1. You must have a problem.  If not, what the hell are you doing?  Software tells computers to solve problems in most cases.  In all others, the problem is that the programmer doesn’t know something and is moving through a project to learn an aspect of development.  Those learning projects are the hardest to get through sometimes.  Anyway, either you or your customer has a problem that can be solved with computers, and that’s why you’re here.

2. Gather requirements.  This should always be the next step, and it should always be very early – before you pick a platform, language, development team, or flavor of Jolt, gather the requirements from the customer and start hacking at the root of the problem.  This is the most important step, because it is from here you will begin to draft your agreement with the customer about the scope of the project.  Requirements gathering should be done as diligently as possible to ensure you and your team know the scope or constraints of the solution you’re developing.

3. The agreement.  This is where you hammer out exactly what problem you’ll solve and every aspect of the solution.  This statement of scope will define the limits of the product and the customer should be told that they cannot add anything once an agreement is reached.  Imagine getting to the end of a nine-month project and the customer changes the requirements…  It will waste time and money, and WAY more than you might think at first.  You’ll never really know what it’s like to have an insatiable desire to strangle someone until you have a customer trying to chisel something else into the project during testing.  Make sure everything is in the design to begin with, and work hard until it’s all agreed upon.  It’s much cheaper to work something in at the beginning than to wedge it in at the end.  Just ask Microsoft.

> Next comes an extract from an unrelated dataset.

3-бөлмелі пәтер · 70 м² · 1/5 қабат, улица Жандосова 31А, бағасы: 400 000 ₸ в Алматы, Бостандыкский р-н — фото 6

4. The Design.  Once the requirements and scope have been determined and agreed upon, it’s time to begin the specification for the software system.  This includes a functional design specification and a software design specification.  The two are closely related, but still distinct.  A functional design specification is a document describing what functions the system performs at a high level.  Since you’re building the software from the ground up, a system that performs these functions likely doesn’t exist.  If it did, we might buy that one instead of building this one.  So – given its uniqueness, we need to define its functions and general workflow.  A software design specification takes those functions defined in the functional spec and describes them in a way the code monkeys can understand.  The software design specification takes into account the limitations and nuances of programming languages and how computers work and applies that to the problem at hand to perform the function necessary in each part of the system.  This is the nitty-gritty spec that should describe everything down to the last detail so that when it’s handed over to a programming team, there will be no questions.

5.  Code.  But there will always be questions, so be ready.  During the implementation phase (the part where code is written and actually run on a computer), if the system is large enough there will be many iterations and backs-and-forths about minute details ranging from data types to interface colors.  Again, most of the details should be in the software design specification but, well, we’re human.  It always happens.  Only when the machines start writing perfect code can we relax about this phase.

6.  Test.  Often the most painful phase of a software project is the testing phase.  If it’s not painful, you’re not doing it right.  In my opinion, most of the time testing teams are needed, not just a single software testing engineer.  You have to throw absolutely everything you have at the code to see how bulletproof it is.  Testing tools, load generators, keyboard monkeys, children, everything.  Also, continual testing is necessary for ongoing maintenance to make sure newly-discovered vulnerabilities are being plugged and tested against in each iteration of deployment.  In short, leave no stone un-turned and never let a place get dusty.  Be very diligent at all times.  Software testers are not temps.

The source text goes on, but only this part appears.